Deze week wordt in de Verenigde Naties door Hans Blix, hoofd van de speciale inspectiecommissie voor Irak, en door de leden van de Veiligheidsraad nagedacht hoe de wapeninspecteurs de president tevreden zullen moeten stellen. Onder hoge druk, dat hoort bij een naderende oorlog. Straks komt nog het koortsachtig overleg. Dat hoort allemaal tot de vergeefse parafernalia van de onafwendbaarheid.

Tussen nu en het begin van de oorlog worden het publiek, de internationale gemeenschap nog blootgesteld aan een barrage (ouderwets: trommelvuur) van berichten over de ultieme perfiditeit van Saddam. Bekend sinds het begin van de oorlog tussen Iran en Irak. Ik laat die litanie over zijn karakter voor wat ze nu is: een verplicht politiek gebed. Wie nu niet anti-Saddam is, tot het uiterste van de Intense Battle, verraadt de zaak van Amerika, de westerse beschaving, het christendom, en wat je verder ook hebt. Desnoods zal het hele kritische deel van Europa en de Navo in de ban worden gedaan. Neem een voorbeeld aan Schröder. Die wordt om te beginnen niet persoonlijk gelukgewenst met zijn herverkiezing. Misschien is dat nog maar een voorproefje.

Kritiek op Bush en de zijnen is er genoeg, ook in Amerika. Maar het is meer en meer kritiek met een omhaal van woorden geworden, kritiek met de ondertoon van toenemende voorzichtigheid. Je proeft het in de hoofdartikelen van The New York Times en de Washington Post. Het is allemaal goed onderbouwd, voor de goede lezer onontkoombaar, maar dit politieke proza heeft zijn scherpte verloren. Het is geschreven met de bruine inkt van de angst.
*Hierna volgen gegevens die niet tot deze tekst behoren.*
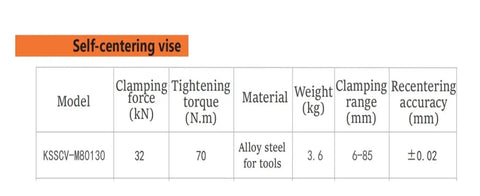 Self centering vise specifications table with model, clamping force, torque, weight, clamping range, and accuracy for CNC use.
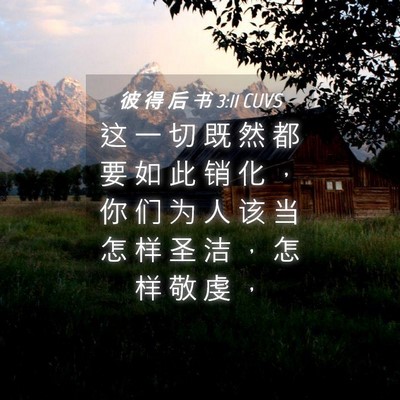 Picture 04 - 彼 得 后 书 3:11 CUVS - 这 一 切 既 然 都 要 如 此 销 化 ， - Bible Verse Picture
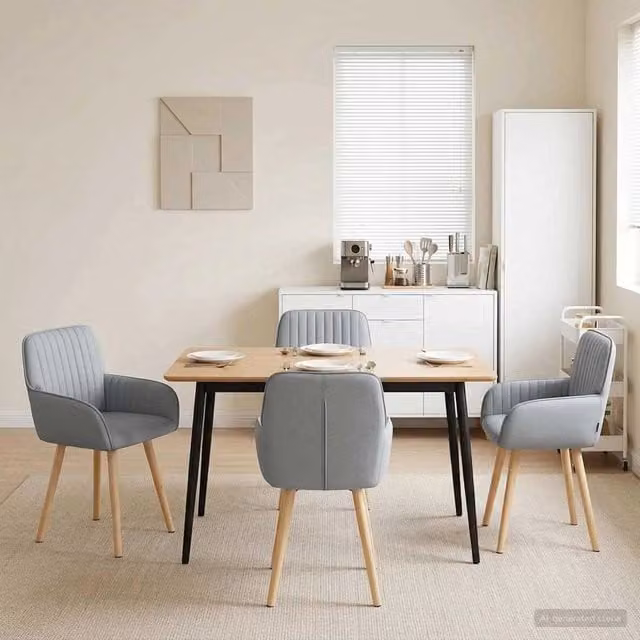 Set di 4 sedie da pranzo moderne vidaXL in tessuto grigio, L: 56,5 cm, P: 50 cm, H: 87,5 cm – 1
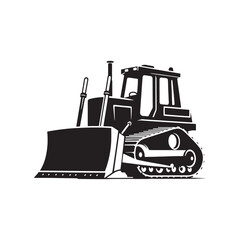 Vector Bulldozer Silhouette Illustration for Construction, Engineering, and Industrial Design Projects, Bulldozer vector, Bulldozer Illustration.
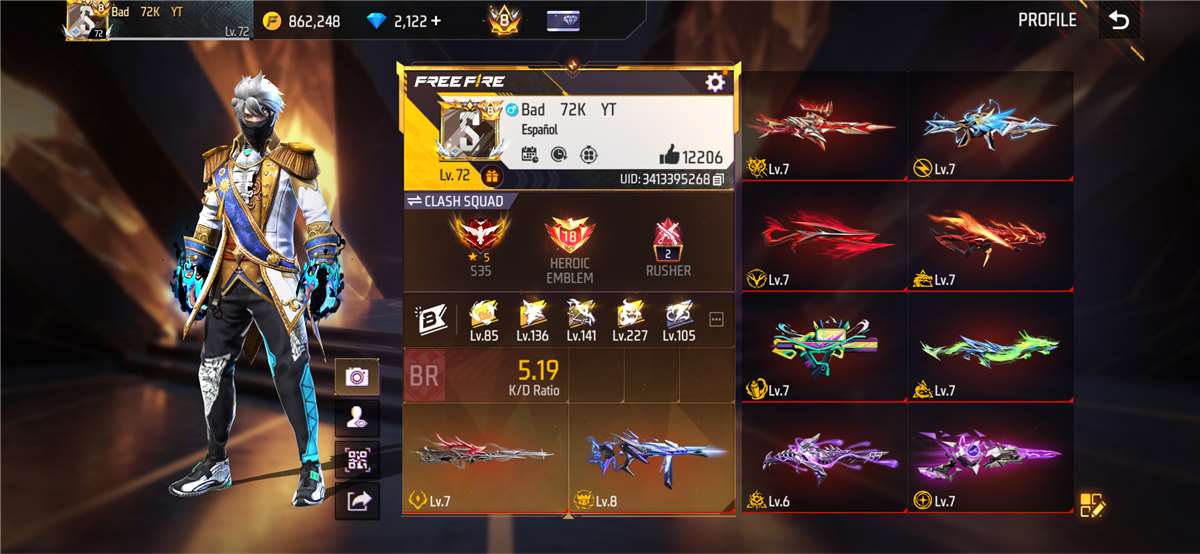 Game account sale Free Fire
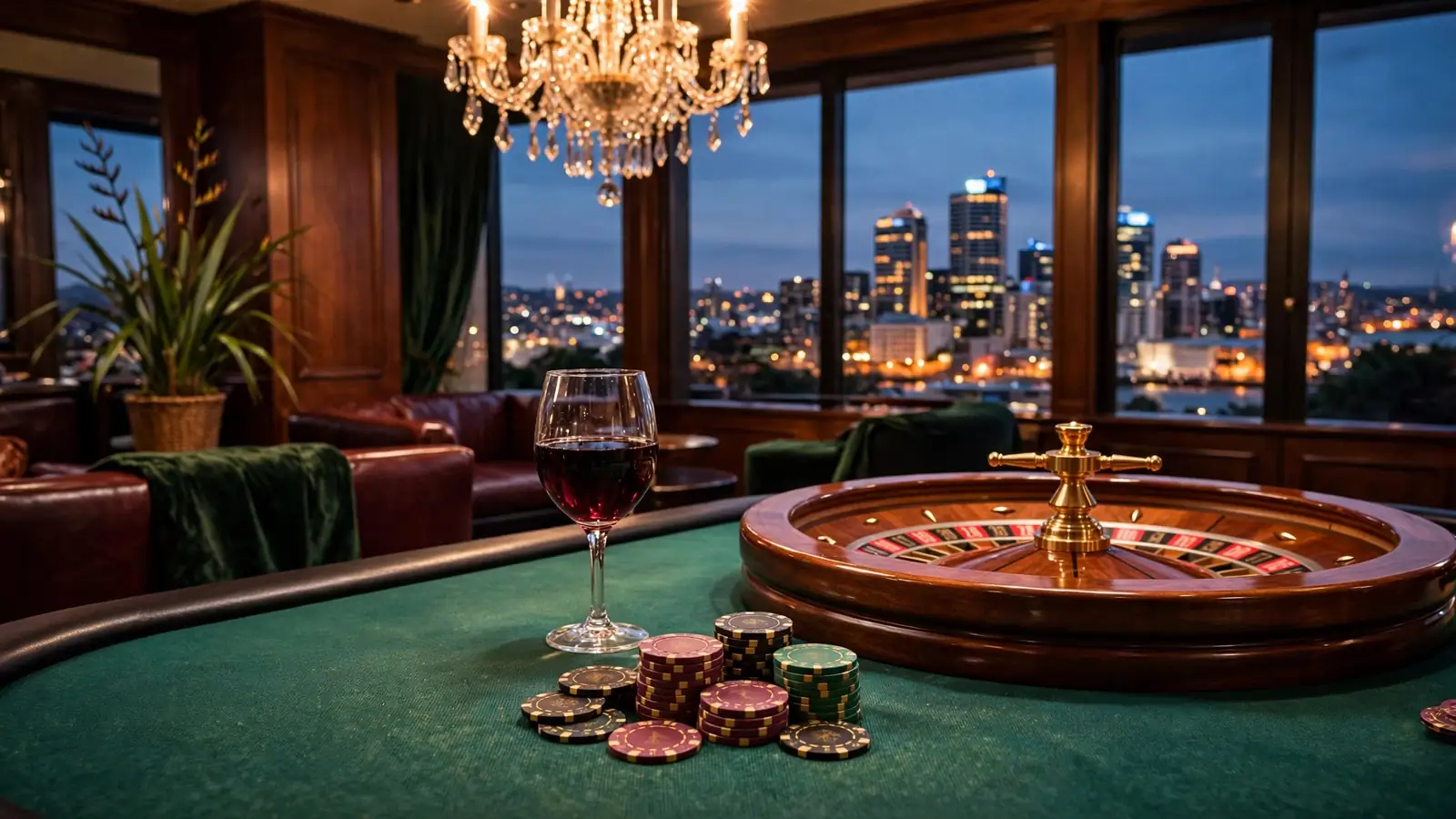 Casino chips and roulette wheel on a felt table in a New Zealand casino lounge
Misschien doet Washington nog een oproep tot mobilisatie — pro forma. Want de critici, de bondgenoten, het Westen, de internationale gemeenschap, kunnen in de laatste fase van de vrede gemist worden als kiespijn. Dat belooft dus op korte termijn meer conflict, tussen Amerika en Europa; in Europa zelf; in de internationale gemeenschap. Dat alles hoort ook tot het zelfstandig werkende oorlogsmechaniek.

Het nieuw-historische tijdvak is niet begonnen op elf september 2001, maar op de dag dat George W. Bush president werd. Hij heeft gelijk: de oorlog is nog maar net begonnen. We zijn in de laatste fase van het voorspel.